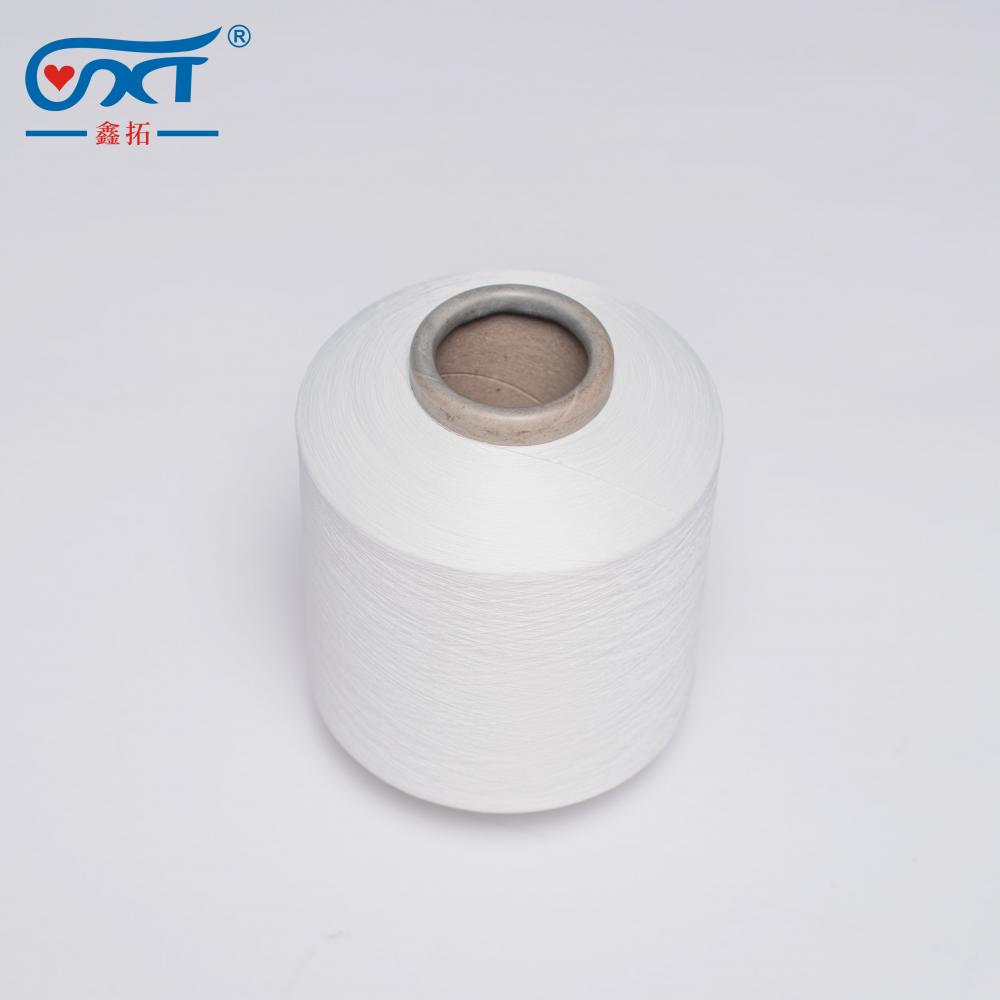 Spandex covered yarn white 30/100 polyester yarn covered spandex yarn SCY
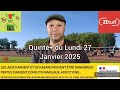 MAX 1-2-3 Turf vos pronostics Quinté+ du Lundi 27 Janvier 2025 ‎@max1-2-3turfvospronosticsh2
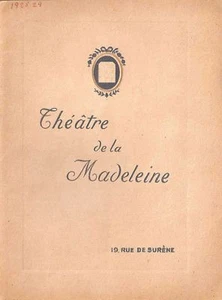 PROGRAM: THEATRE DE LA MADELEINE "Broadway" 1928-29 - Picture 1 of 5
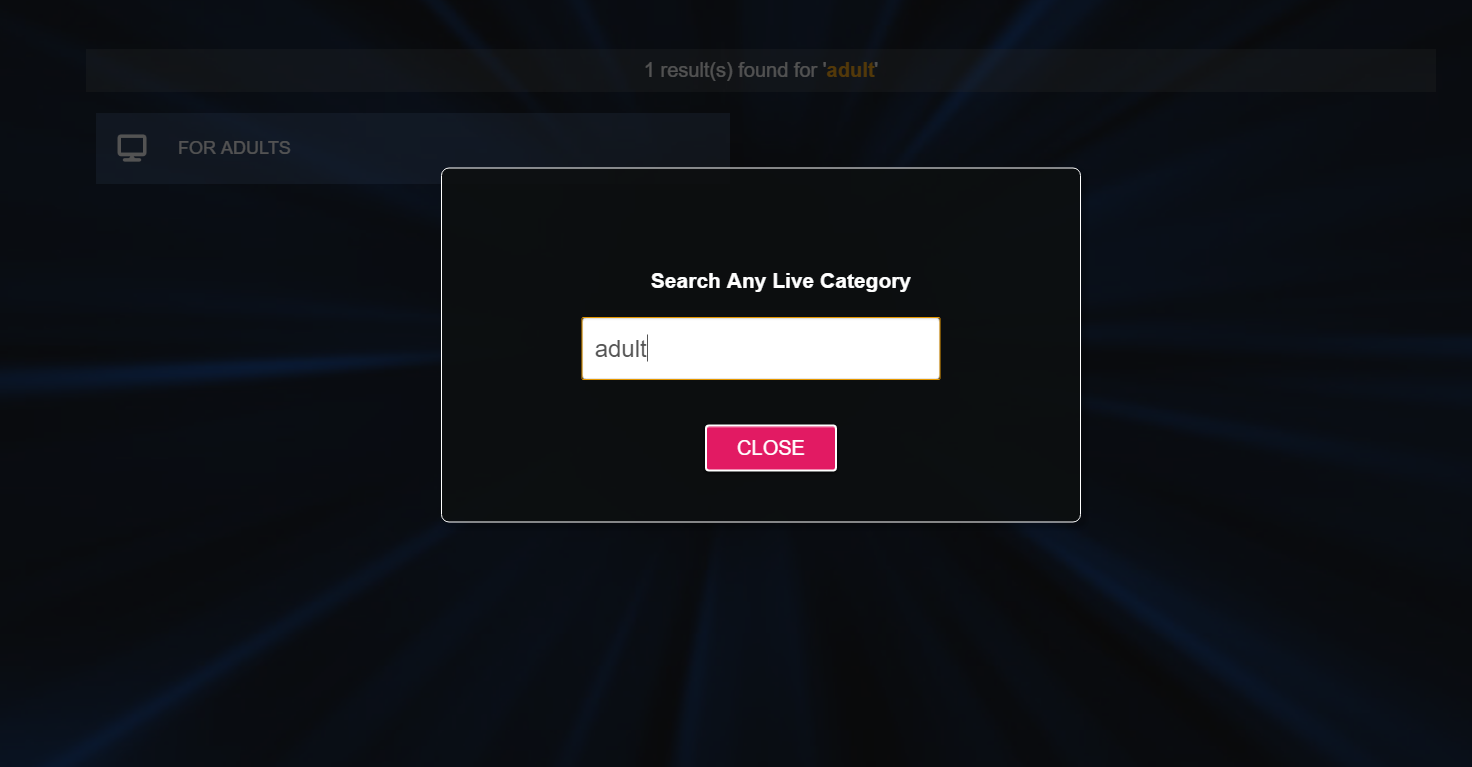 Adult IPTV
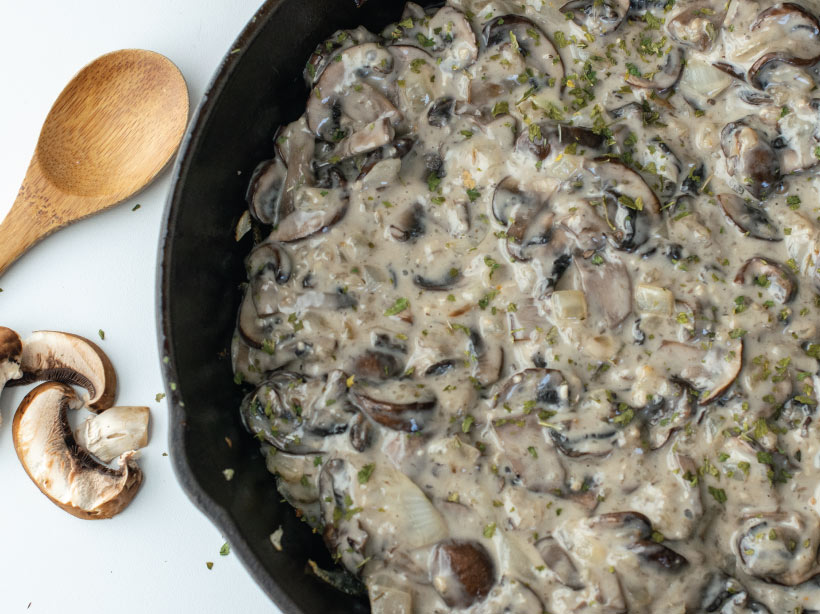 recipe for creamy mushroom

ACTIVITY. Repeat the material exactly. Skip the images.

ANSWER BOX.
 Spandex covered yarn white 30/100 polyester yarn covered spandex yarn SCY
 MAX 1-2-3 Turf vos pronostics Quinté+ du Lundi 27 Janvier 2025 ‎@max1-2-3turfvospronosticsh2
 PROGRAM: THEATRE DE LA MADELEINE "Broadway" 1928-29 - Picture 1 of 5
 Adult IPTV
 recipe for creamy mushroom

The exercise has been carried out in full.